*** Opening MATERIAL PROVIDED ***

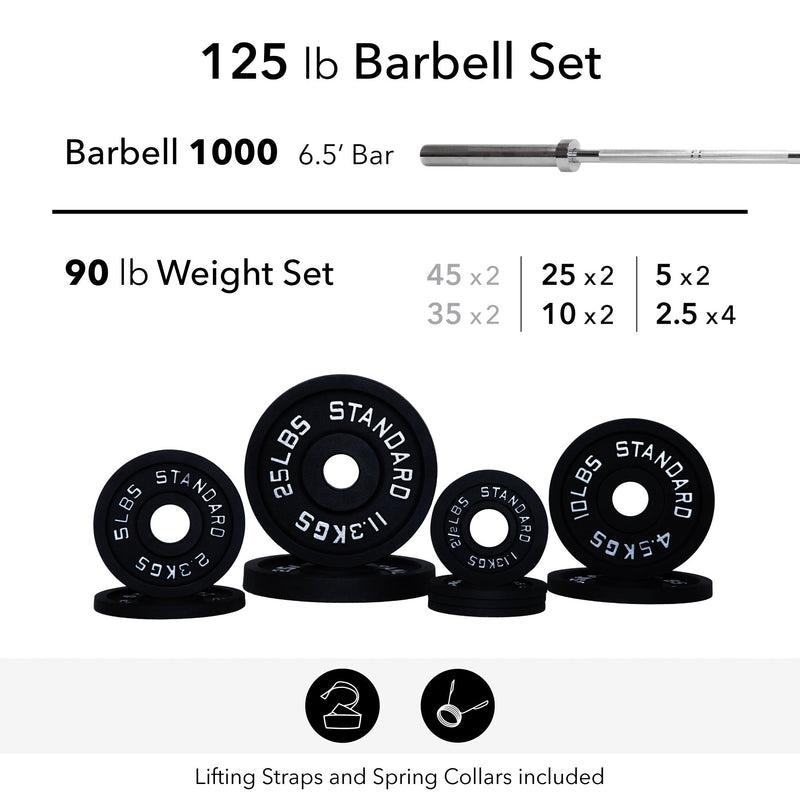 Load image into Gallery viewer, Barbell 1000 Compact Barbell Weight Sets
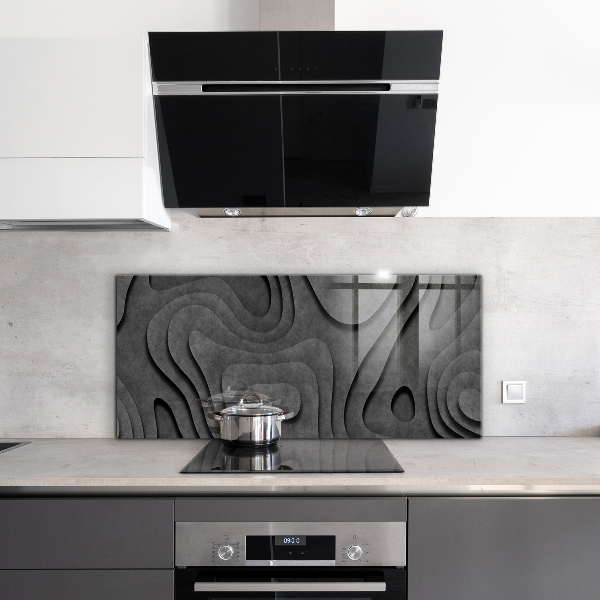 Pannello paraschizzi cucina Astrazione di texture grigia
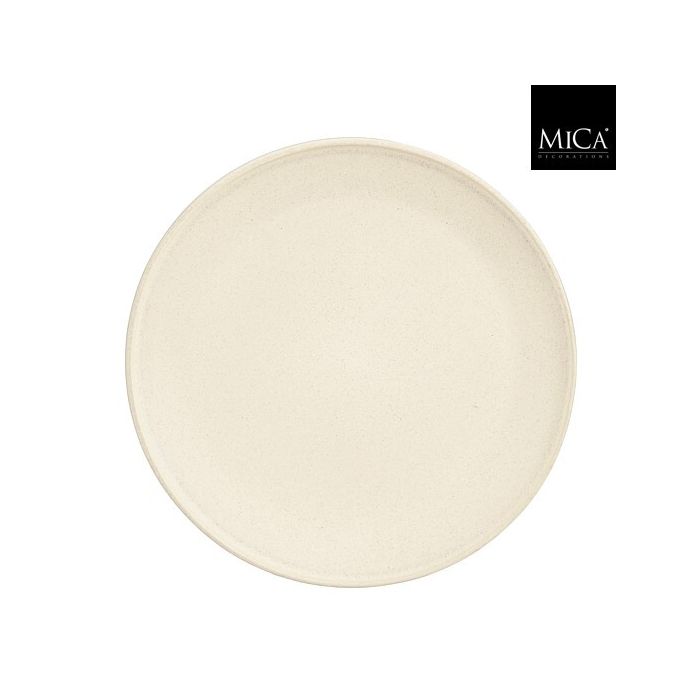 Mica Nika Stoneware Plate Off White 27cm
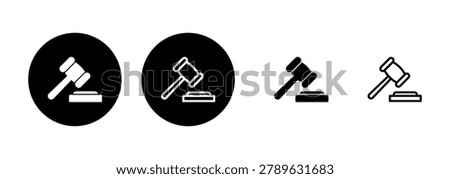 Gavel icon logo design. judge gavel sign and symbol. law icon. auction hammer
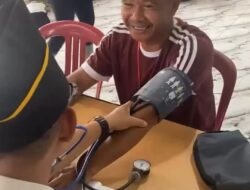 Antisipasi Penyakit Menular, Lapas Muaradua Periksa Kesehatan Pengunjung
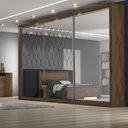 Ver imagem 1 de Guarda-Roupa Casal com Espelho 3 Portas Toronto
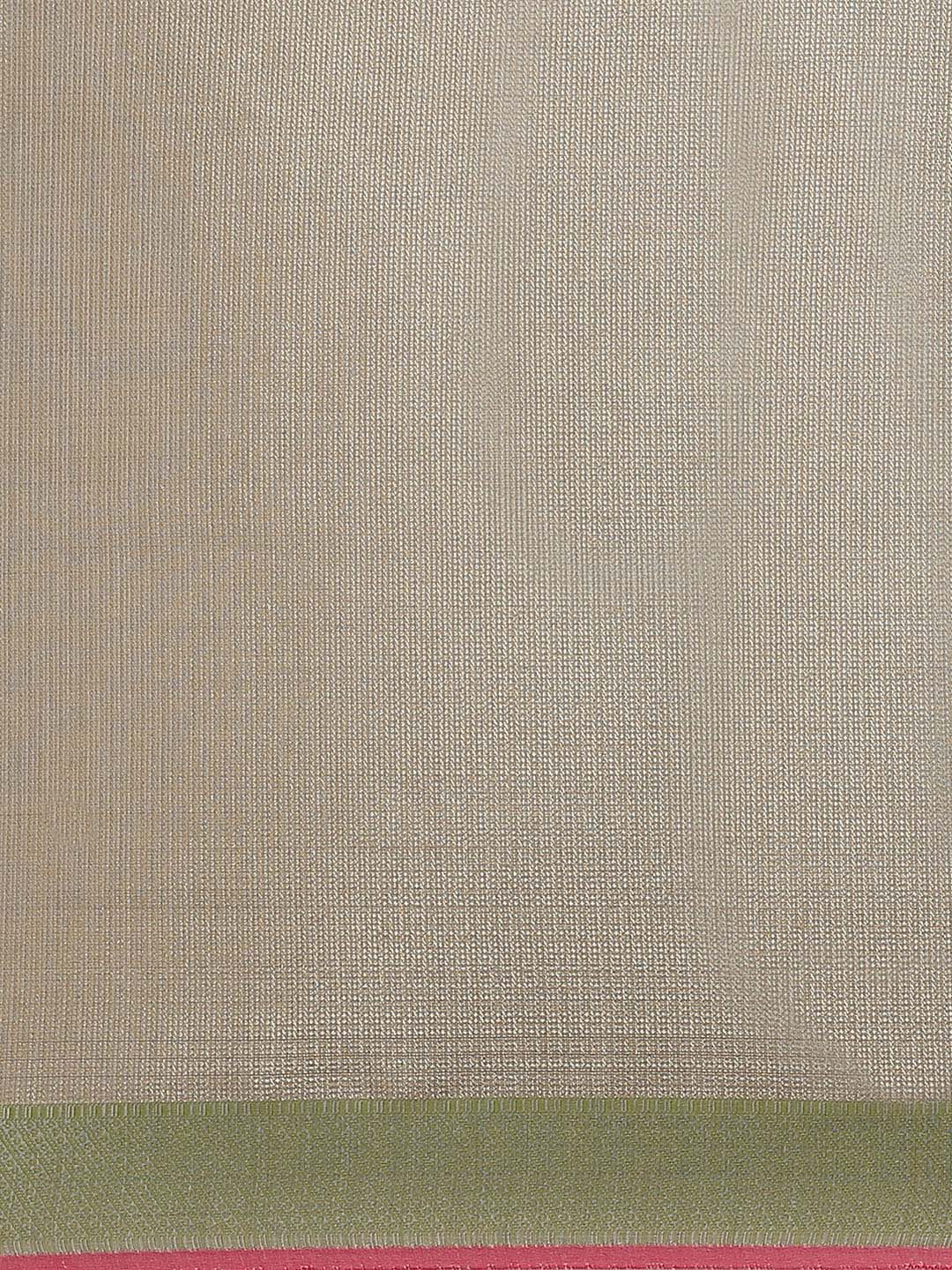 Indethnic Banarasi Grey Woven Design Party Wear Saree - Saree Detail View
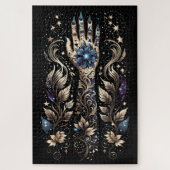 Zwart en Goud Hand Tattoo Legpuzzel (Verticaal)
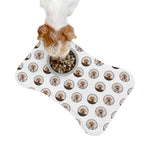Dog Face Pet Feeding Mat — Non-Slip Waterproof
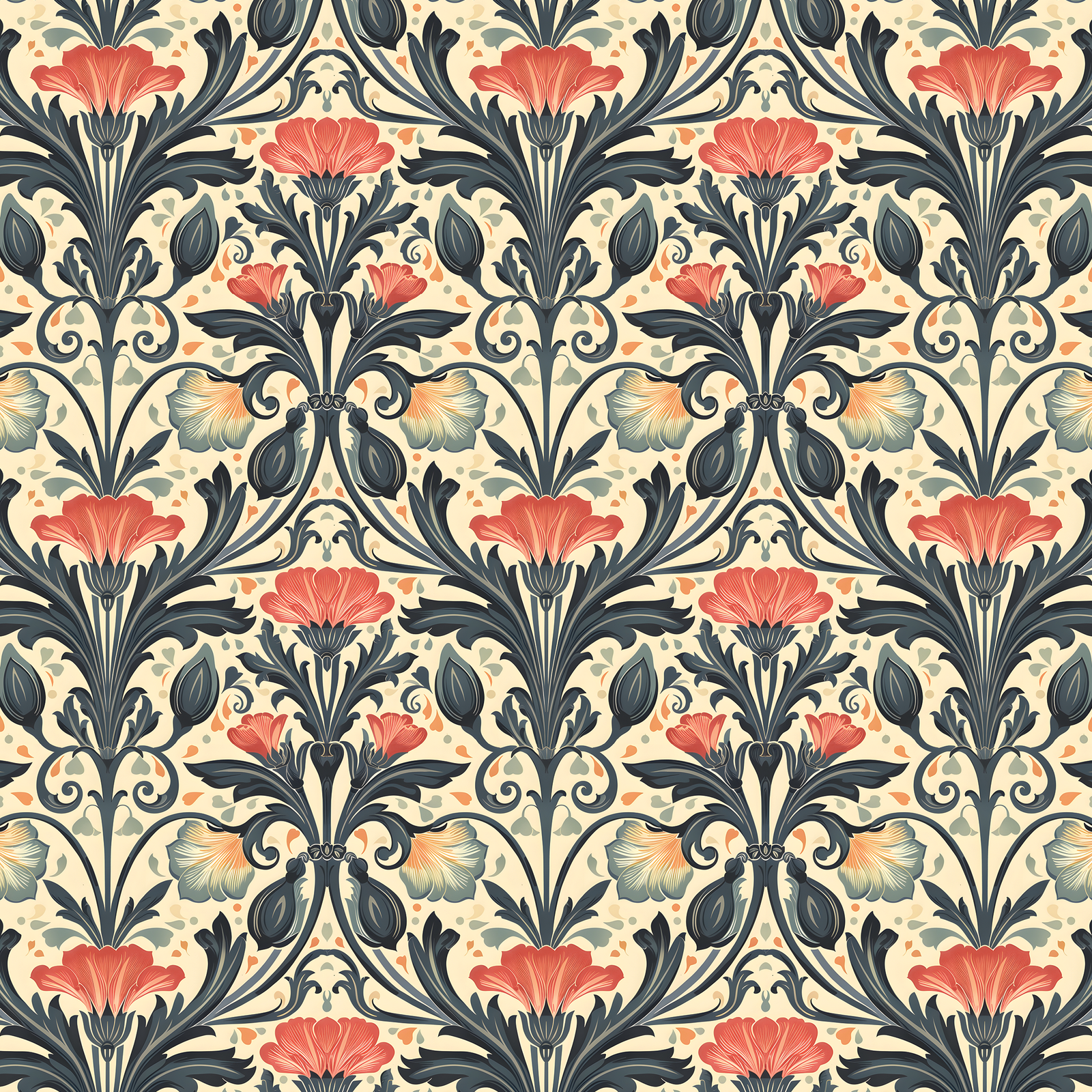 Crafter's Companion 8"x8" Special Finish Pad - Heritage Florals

*** Closing MATERIAL PROVIDED ***

In your reply, please set down exactly the lines from the one containing "Gavel icon logo" through the end of the records, with the pictures left out.

YOUR RESPONSE:
 Gavel icon logo design. judge gavel sign and symbol. law icon. auction hammer
 Antisipasi Penyakit Menular, Lapas Muaradua Periksa Kesehatan Pengunjung
 Ver imagem 1 de Guarda-Roupa Casal com Espelho 3 Portas Toronto
 Indethnic Banarasi Grey Woven Design Party Wear Saree - Saree Detail View
 Zwart en Goud Hand Tattoo Legpuzzel (Verticaal)
Dog Face Pet Feeding Mat — Non-Slip Waterproof
 Crafter's Companion 8"x8" Special Finish Pad - Heritage Florals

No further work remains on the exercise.